The Republic’s aggrandizement was typical of both private and institutional life in Venice. Nothing was too rich, too costly, too gorgeous, for city or noble, for church or Scuola. It is probably due to the late adoption by Venice of the Renaissance order of architecture that the Scuola della Carità had not a century before built anew. As it was, in 1552, they called the architect then most famous throughout Italy, and gave him orders to construct a convent worthy of their own importance and of his genius.

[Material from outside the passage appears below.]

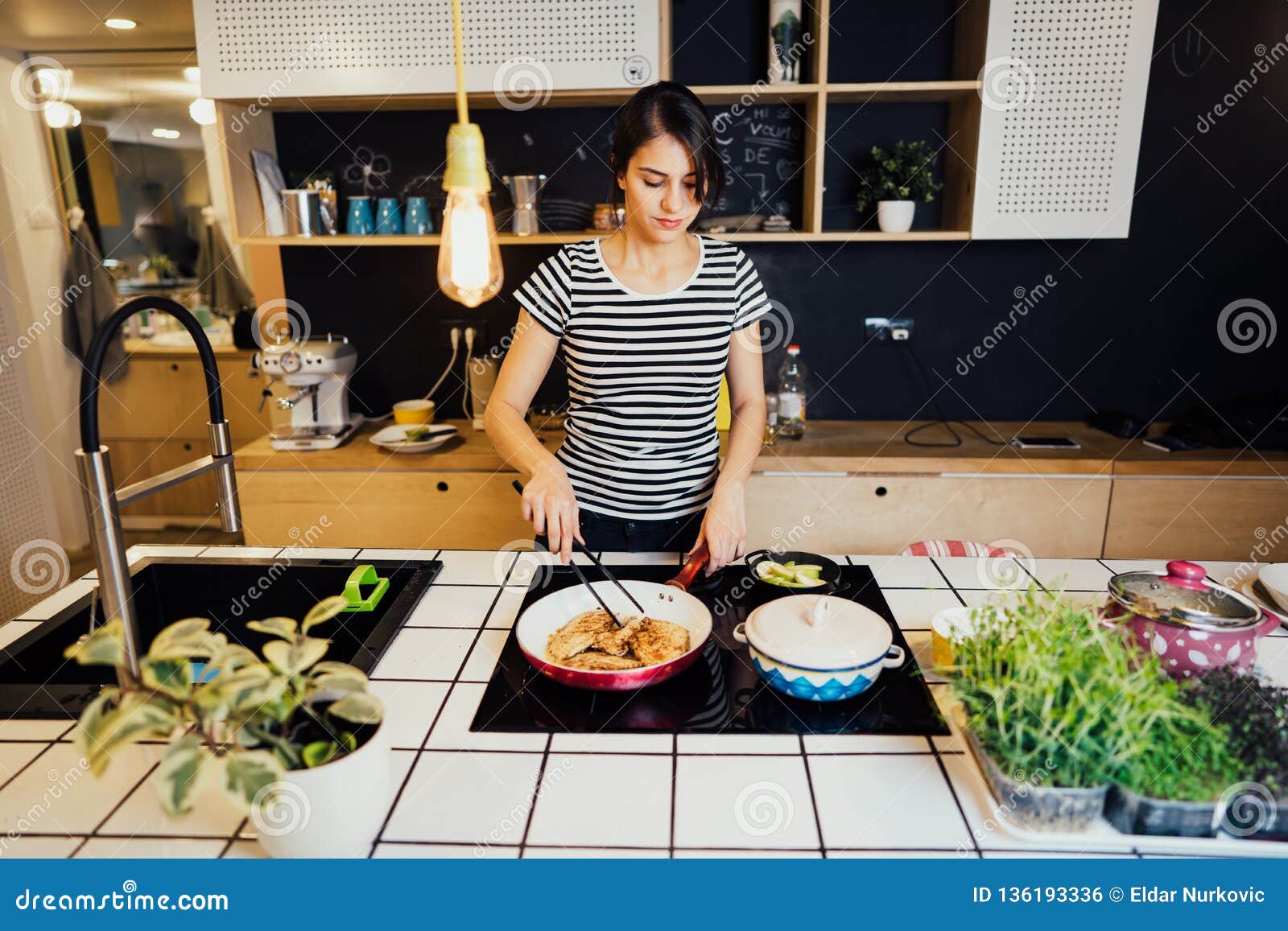 https://thumbs.dreamstime.com/z/smiling-woman-cooking-healthy-meal-home-kitchen-making-dinner-island-standing-induction-hob-preparing-chicken-enjoying-136193336.jpg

Palladio was born in Vicenza, a town near Venice, in 1508. There is little known of his family or of his first studies. But however else he may have acquired his architectural knowledge, he was undoubtedly largely indebted to his visits to Rome for much of his later success. Gio. Giorgio Tressino, a countryman of his, took him to Rome three different times, the last of these trips ending in 1547. While there he spent uncounted hours in measuring the ancient buildings and making sketches of everything he could use to advantage in his profession. After his return to Vicenza his fame spread all through Italy, and when Paul III. was Pope he invited him to Rome once more for consultation about the works in progress at St. Peter’s. Back at Vicenza again, he was fairly overwhelmed with orders, but of a private rather than public character. By far the larger part of Palladio’s work was the construction of palace and mansion, for which his materials, of course, were largely of brick and terra-cotta. He had few of the chances showered upon Sansovino to show what he might have done with great public edifices where his materials could be chosen from richest stone and marble. He seems, however, to have gloried in the very restriction of his means, proving again and again that not material but design, not imposing show but artistic appropriateness, are what make a really exquisite building. No one, it has been said repeatedly, ever used brick so perfectly, with so thorough an appreciation and understanding of its tremendous possibilities.
He has been extraordinarily praised by many noted critics, and condemned by many others. Today, perhaps, the feeling is against rather than for him. It has been claimed, with undoubted reason, that he not infrequently let his windows break into architraves; that he enclosed windows within friezes, that he made doors lower than windows, and that he was often guilty of having both deco-rated and undecorated windows in the same building. His pediments, the critics aver, were frequently too heavy, his intercolumniations too wide, and there were not seldom a hardness and monotony of detail. In spite of these or more faults, it can be said that he made an earnest and not unsuccessful attempt to return to the simplicity and classic lines of Greece. He was a classicist of the classicists, and his ideal was found in the rules of Vitruvius.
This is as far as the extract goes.